You're just sending the same std::string right to std::cout. Just sending the hex manipulator isn't going to magically convert all those chars.

I admit this is complete overkill, but I was bored:

#include <iostream>
#include <string>
#include <iomanip>
#include <sstream>

class ascicodes
{
    std::ostringstream ss;

public:
    friend std::ostream& operator <<(std::ostream& os, const ascicodes& obj)
    {
        os << obj.ss.str();
        return os;
    }

    ascicodes(const std::string& s)
    {
        ss << std::hex << std::setfill('0');
        std::for_each(s.begin(), s.end(),
            [this](char ch)
            {
                ss << std::setw(2) << static_cast<unsigned int>(ch);
            });
    }
};


int main()
{
    std::string bit_pattern = "5678008180000000";
    std::cout << ascicodes(bit_pattern) << std::endl;
    std::cout << ascicodes("A completely different string") << std::endl;
    return 0;
}

Output

35363738303038313830303030303030
4120636f6d706c6574656c7920646966666572656e7420737472696e67

6 Comments

@DieterLücking yeah I forgot it i the class actually. i intended it there. you think she's better in main and just go with decimal in the class ? It has to be prior-to-value-insertion, only reason I mention it.
And how to convince a person that this is better than short sample from herohuyongtao using old C-style conversion but still producing the correct result ?
@SChepurin I didn't know I had to convince anyone it was "better"; only that it was one way to do it, particularly if you need to do it frequently and in tons of code with preexisting stream outputs.
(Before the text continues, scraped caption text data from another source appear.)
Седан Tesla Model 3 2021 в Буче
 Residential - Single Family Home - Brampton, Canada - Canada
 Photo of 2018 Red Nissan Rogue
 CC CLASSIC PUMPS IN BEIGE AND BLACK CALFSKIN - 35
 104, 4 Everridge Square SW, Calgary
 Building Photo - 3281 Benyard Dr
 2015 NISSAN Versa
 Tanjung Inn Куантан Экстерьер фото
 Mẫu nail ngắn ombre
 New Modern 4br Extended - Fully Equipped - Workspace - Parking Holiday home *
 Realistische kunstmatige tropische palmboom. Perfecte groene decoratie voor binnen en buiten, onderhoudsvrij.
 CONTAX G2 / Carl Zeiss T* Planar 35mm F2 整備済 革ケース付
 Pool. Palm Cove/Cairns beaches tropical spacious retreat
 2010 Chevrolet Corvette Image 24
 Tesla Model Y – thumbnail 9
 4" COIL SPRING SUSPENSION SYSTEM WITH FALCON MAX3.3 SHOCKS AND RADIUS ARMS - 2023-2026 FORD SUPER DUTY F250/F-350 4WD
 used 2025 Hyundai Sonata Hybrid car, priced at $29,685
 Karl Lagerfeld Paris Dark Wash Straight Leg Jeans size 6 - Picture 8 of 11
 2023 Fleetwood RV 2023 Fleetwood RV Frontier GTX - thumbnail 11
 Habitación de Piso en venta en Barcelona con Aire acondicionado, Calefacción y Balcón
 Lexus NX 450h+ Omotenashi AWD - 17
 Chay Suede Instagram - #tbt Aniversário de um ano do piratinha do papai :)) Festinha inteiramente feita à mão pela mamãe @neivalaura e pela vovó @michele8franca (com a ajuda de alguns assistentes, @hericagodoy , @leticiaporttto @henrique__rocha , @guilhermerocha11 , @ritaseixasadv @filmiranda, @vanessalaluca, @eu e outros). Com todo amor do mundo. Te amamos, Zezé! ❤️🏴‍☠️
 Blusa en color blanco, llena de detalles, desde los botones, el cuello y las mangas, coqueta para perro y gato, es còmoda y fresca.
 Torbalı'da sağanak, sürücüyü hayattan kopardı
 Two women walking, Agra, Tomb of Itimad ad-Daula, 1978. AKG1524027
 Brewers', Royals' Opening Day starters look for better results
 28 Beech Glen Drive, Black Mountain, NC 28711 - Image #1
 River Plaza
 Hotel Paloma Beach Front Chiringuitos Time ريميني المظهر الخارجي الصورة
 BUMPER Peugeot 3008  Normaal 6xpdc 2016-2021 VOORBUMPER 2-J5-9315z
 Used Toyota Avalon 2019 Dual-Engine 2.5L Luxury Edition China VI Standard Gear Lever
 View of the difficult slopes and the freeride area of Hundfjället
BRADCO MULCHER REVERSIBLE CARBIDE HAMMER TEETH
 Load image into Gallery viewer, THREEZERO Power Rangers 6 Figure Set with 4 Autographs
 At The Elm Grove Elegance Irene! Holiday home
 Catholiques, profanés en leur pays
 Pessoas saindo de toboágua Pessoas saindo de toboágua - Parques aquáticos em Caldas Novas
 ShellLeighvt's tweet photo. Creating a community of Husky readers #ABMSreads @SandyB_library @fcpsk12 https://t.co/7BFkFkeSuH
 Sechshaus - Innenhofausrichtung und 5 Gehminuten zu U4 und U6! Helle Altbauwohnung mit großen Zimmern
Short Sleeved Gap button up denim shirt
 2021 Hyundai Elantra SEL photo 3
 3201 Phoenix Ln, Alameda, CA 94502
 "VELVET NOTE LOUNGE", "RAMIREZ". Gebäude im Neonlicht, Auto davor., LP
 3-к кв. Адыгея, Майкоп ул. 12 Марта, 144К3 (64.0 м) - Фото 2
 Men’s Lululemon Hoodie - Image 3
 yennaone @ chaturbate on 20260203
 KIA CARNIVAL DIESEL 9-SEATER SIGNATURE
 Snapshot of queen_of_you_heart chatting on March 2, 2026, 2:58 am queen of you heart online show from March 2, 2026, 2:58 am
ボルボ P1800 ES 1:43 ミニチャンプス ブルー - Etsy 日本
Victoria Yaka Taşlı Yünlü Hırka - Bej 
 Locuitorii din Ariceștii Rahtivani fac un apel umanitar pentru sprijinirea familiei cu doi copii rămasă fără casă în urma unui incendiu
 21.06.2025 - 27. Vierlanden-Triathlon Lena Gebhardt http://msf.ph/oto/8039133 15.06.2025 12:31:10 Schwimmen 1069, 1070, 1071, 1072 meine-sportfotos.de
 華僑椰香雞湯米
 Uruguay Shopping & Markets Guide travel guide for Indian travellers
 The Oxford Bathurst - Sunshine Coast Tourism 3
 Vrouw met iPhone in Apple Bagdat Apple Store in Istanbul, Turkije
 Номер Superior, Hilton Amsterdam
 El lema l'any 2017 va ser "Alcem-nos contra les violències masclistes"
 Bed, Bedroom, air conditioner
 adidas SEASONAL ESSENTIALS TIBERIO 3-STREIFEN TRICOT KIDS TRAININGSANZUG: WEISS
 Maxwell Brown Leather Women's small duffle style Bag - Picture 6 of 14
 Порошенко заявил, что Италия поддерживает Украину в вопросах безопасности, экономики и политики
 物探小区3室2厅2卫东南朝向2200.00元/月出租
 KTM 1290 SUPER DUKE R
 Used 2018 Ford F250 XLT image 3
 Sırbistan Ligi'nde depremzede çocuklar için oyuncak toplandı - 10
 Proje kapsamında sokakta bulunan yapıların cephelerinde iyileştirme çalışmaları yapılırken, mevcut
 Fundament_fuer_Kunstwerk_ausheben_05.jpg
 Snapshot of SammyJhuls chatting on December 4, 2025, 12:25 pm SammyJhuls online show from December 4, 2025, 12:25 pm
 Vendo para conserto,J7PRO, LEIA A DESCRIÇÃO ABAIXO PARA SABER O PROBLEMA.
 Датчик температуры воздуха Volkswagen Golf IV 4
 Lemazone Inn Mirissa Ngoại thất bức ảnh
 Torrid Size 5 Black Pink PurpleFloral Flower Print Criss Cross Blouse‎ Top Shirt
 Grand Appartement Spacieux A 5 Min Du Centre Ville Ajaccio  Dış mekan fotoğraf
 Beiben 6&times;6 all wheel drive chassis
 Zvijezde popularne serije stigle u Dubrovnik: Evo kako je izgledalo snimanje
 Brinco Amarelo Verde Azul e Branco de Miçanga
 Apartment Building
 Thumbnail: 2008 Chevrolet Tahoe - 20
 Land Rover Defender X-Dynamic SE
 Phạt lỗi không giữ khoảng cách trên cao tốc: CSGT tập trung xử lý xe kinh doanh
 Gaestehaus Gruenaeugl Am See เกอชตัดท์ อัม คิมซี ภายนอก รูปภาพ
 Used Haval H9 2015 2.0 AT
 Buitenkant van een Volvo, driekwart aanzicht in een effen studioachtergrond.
Also, his sample doesn't handle high-ascii. the sign extension will not be pleasant for chars above 127.
@WhozCraig - I think, this can be counted as "convincing enough".
@DieterLücking is std::hex sticky? I can never remember which is and is not (besides setw, which is not (if I remember right). They two difference streams so it still has to be in the class, but was just curious.